Dan Sullivan: Thank you, Rod. Good morning, everyone. Despite what continues to be a challenging macro environment, strong operational and commercial execution has led to robust adjusted gross margin, EPS and EBITDA expansion in the quarter. Strong international results partially offset by the challenging performance of our right to play categories in North America led to slight organic sales growth, which was below our expectations. Continued excellent productivity performance and realization of our price and revenue management strategies, once again, unlock notable gross margin accretion, enabling us to raise our full year adjusted EPS and EBITDA outlook ranges, which I'll discuss shortly. For the quarter, organic net sales growth was largely driven by higher pricing and strategic revenue management actions, while volumes were lower.

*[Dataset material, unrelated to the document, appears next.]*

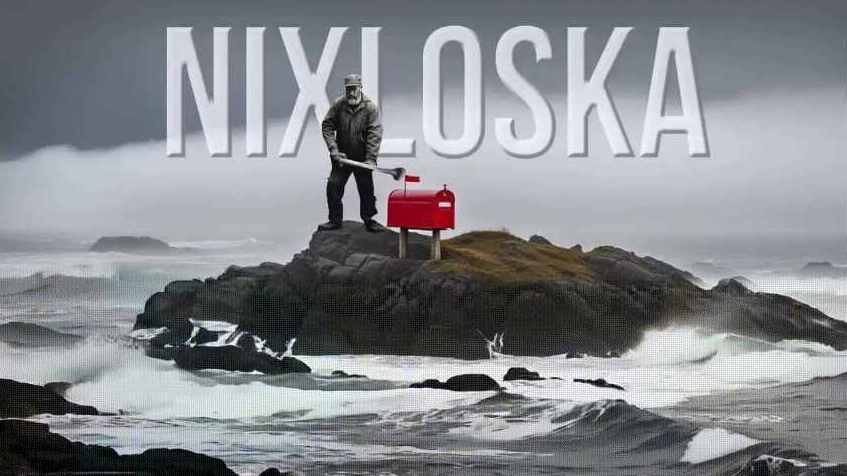 Cover Niksloska: zeigt einen Mann auf einer kleinen Insel im Meer, der im Begriff ist, mit einem Beil einen Briefkasten zu zerstören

International organic growth was just under 6%, underpinned by both price and volume gains. As previously mentioned, the external environment is challenging. The dollar remains stubbornly strong while interest rates remain elevated. And importantly, consumption across U.S. categories has slowed. Aggregate consumption across our U.S. segments declined 0.4% in the quarter, a meaningful sequential step down from last quarter's 2%, 13 week growth and the 5% trailing 52 week trend, as gains from pricing eased compared to a year ago and volumes declined across most categories. The change in trend was most pronounced in Wet Shave and reflective of the drug channel, where we're seeing lower foot traffic, retailer execution challenges and a highly competitive environment on shelf.

A close-up of an individual woman's hands grooming her body with the company's feminine care products.
A close-up of an individual woman's hands grooming her body with the company's feminine care products.

Operationally, our teams continued to execute at a high level. The supply chain organization realized better than expected productivity savings and our commercial teams drove strong gains from both price and revenue management. In total, these efforts combined to provide 430 basis points of gross margin tailwinds in the quarter, which more than offset core inflationary pressures and unfavorable mix. Notably, we delivered 320 basis points of adjusted gross margin accretion, adjusted EPS of $0.88 per share and adjusted EBITDA of $99.7 million, all of which were marked improvements over the previous year and above our expectations. Now, let me turn to the detailed for the quarter. Organic net sales increased 0.1% as strong performance across international markets and double-digit global growth in Sun Care and Grooming were offset by declines in North America Wet Shave and Fem Care.

The strong international performance was driven by price gains of over 3% and volume gains of over 2%, resulting in just under 6% organic growth. Performance in Japan continued to be a highlight as a return to healthy category consumption was met with price execution and supported by incremental brand investment. Mid-single digit growth in Europe and high single digit growth across LATAM were noteworthy as well. Organic cells in North America were down 2.8%, as double-digit growth in Sun and Grooming was offset by declines in Wet Shave, Fem Care and Skin. North America volumes were down 5.4%, while pricing and revenue management delivered nearly 3 points of growth. Wet Shave organic net sales were down 4.5% with declines in men then women's systems and preps offset by slight growth in disposables.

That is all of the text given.